Despite a little over fourteen hours left in the country, I still had a few more things I wanted to see.  I had not gone inside the Bank of Ireland and was hoping to do that but with Monday hours and closing times fast approaching I had to make choices.  The Bank was tossed to the wayside as I scrambled through Gratfon and made my way to Whitefriar Street Carmelite Church.  The Church contains the remains of two saints.  I specifically wanted to see the remains of St. Valentine, which had been donated to the church by Pope Gregory XVI in the nineteenth century.
Whenever I enter a church, I am always aware that these are active churches.  It is disturbing to watch tourists trudge through these things like they are museums.  Almost all the time there is someone in a pew, head down, and deep in prayer/meditation and I always wonder what the prayer is for.  Not my business, I know, but I do wonder and speculate.

Somewhere along the way, I rushed past St.

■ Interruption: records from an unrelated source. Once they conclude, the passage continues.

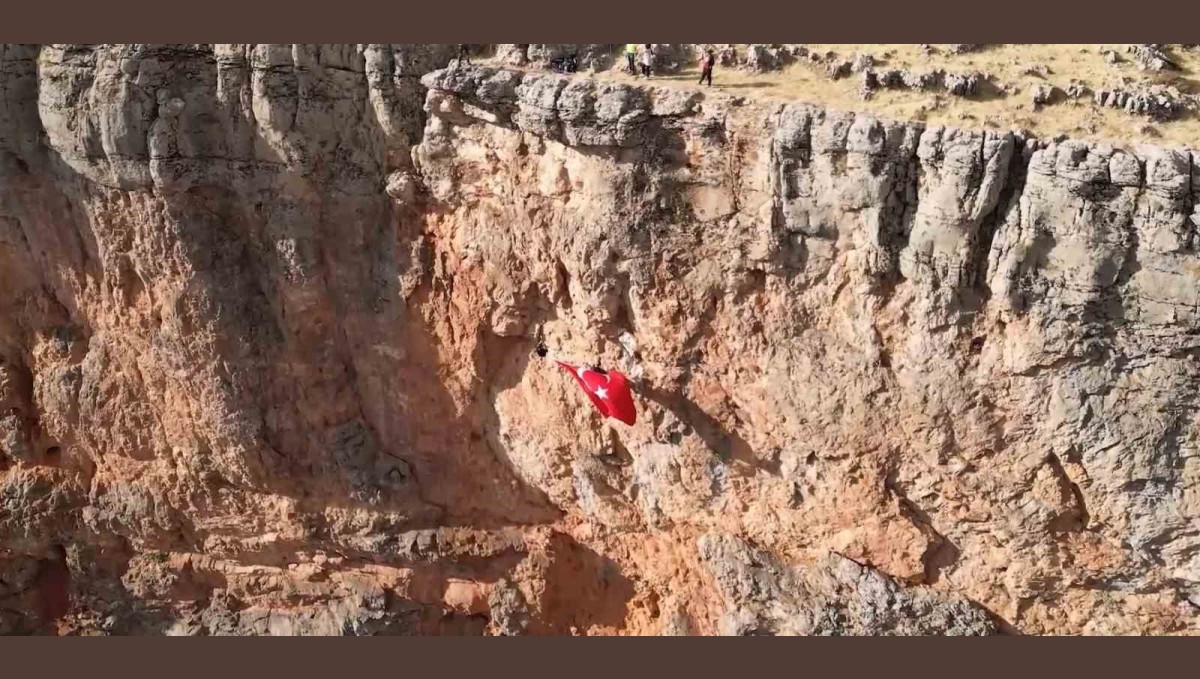 Elazığlı dağcılar kayalıklarda Türk bayrağı açtı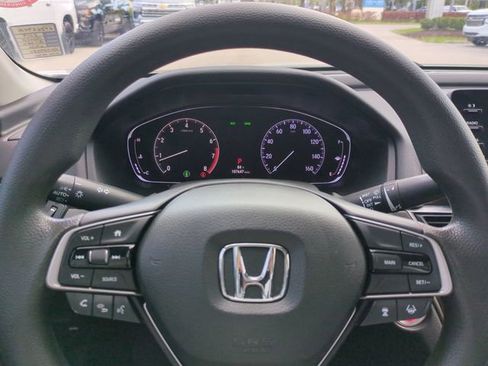 Used 2019 Honda Accord LX image 30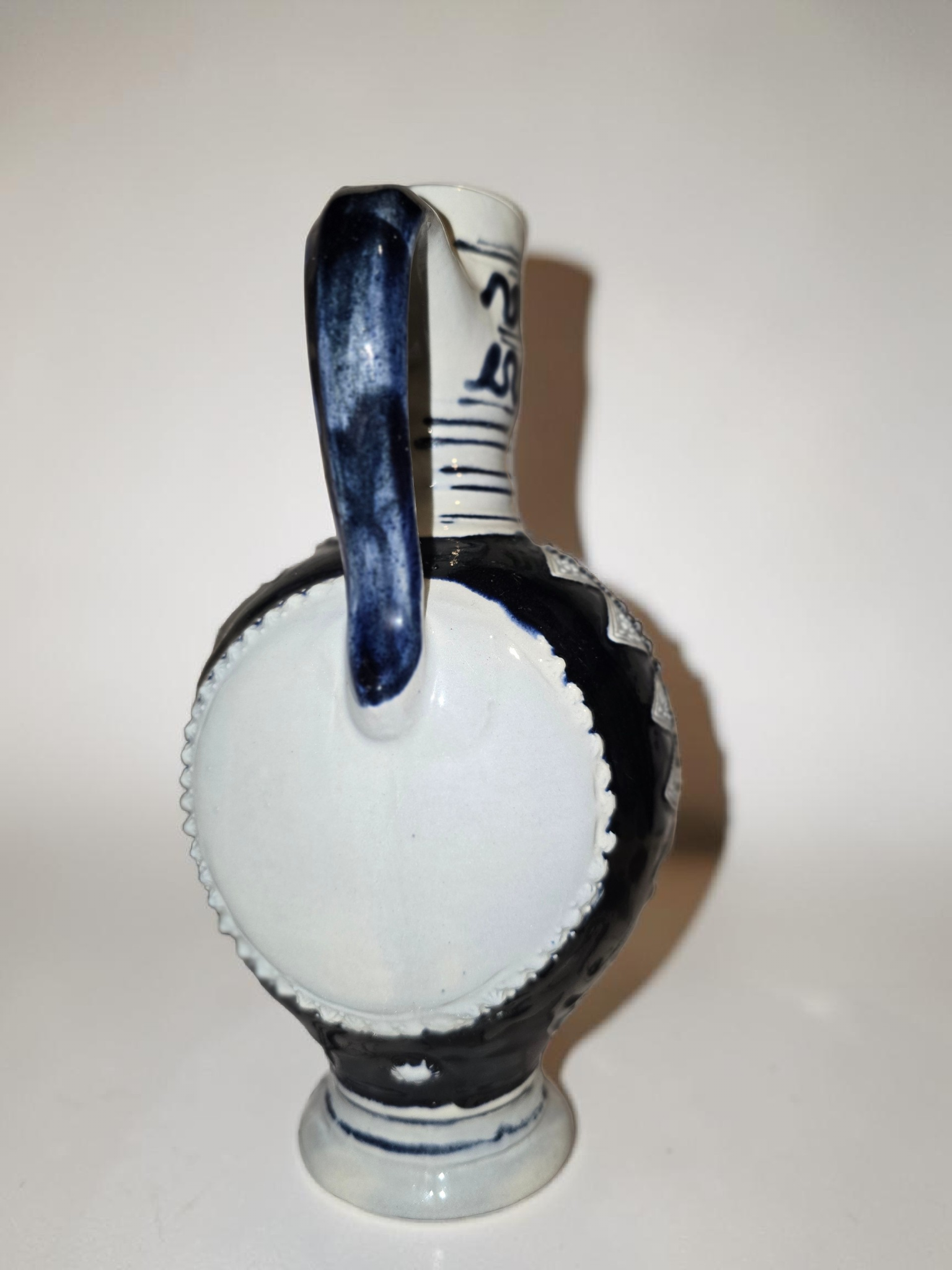 Antike Westerwald Steinzeug Flasche (ca. 1900) – Handgearbeitetes Relief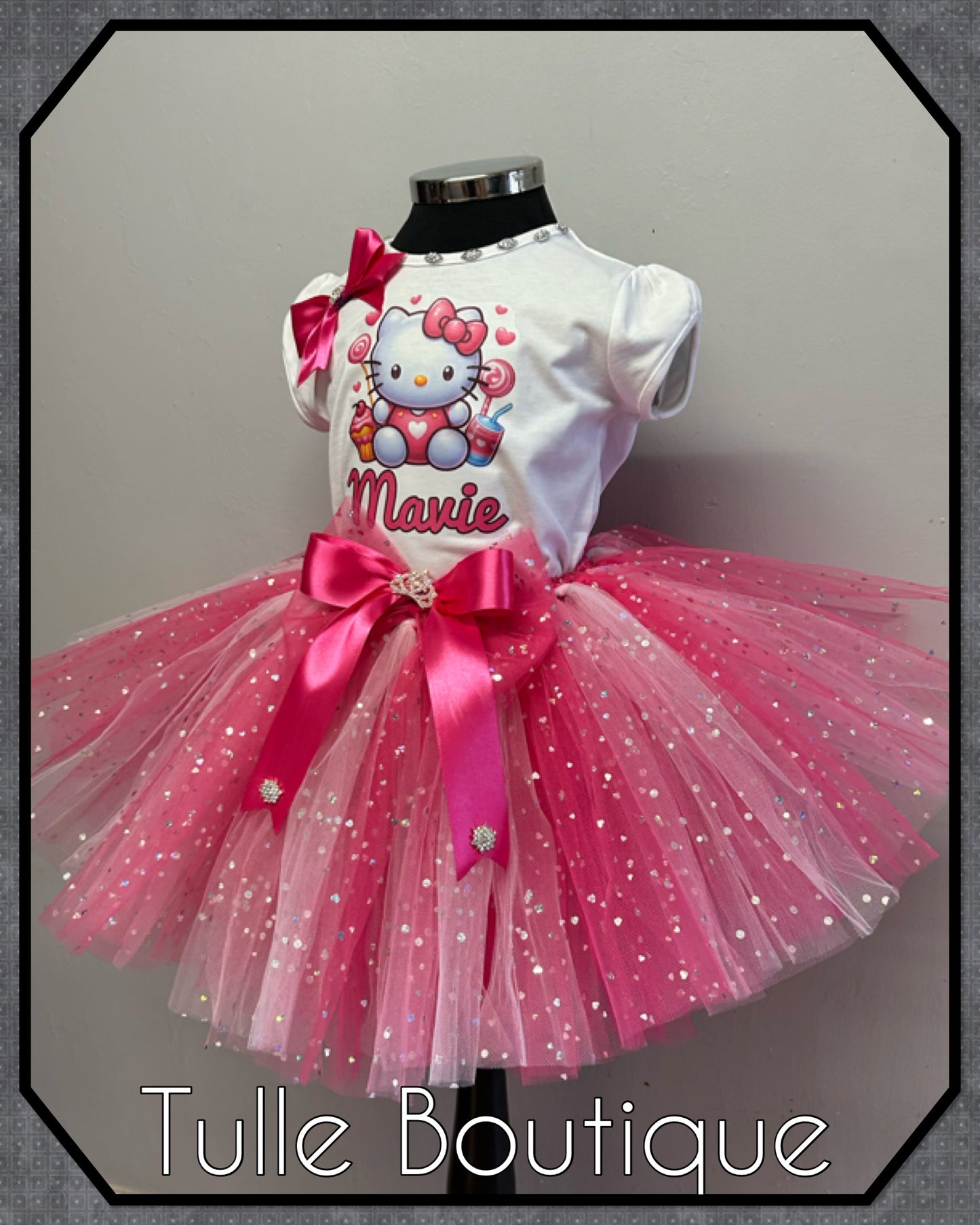 Girls Hello Kitty personalised T-shirt and tutu birthday party outfit dress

Stephen's Green.  Not much to see in the dark but I touched the grass just to claim I had been there.  This was also a private park until 1877 when Sir Alec Guinness, uh, Arthur Guinness pushed an act through Parliament (funkadelic) to open the park to the public.  Once again, beer wins the day.
One of the other things I wanted to see was the statue of Phil Lynott.  Phil Lynott was the bassist and front man of the Irish band Thin Lizzy.  He died in 1986 at the age of 36 but I’ll never forget hearing a live concert of theirs on the King Biscuit Flower Hour as beamed out from a Cleveland radio station.  The song they are best known for is “The Boys Are Back In Town."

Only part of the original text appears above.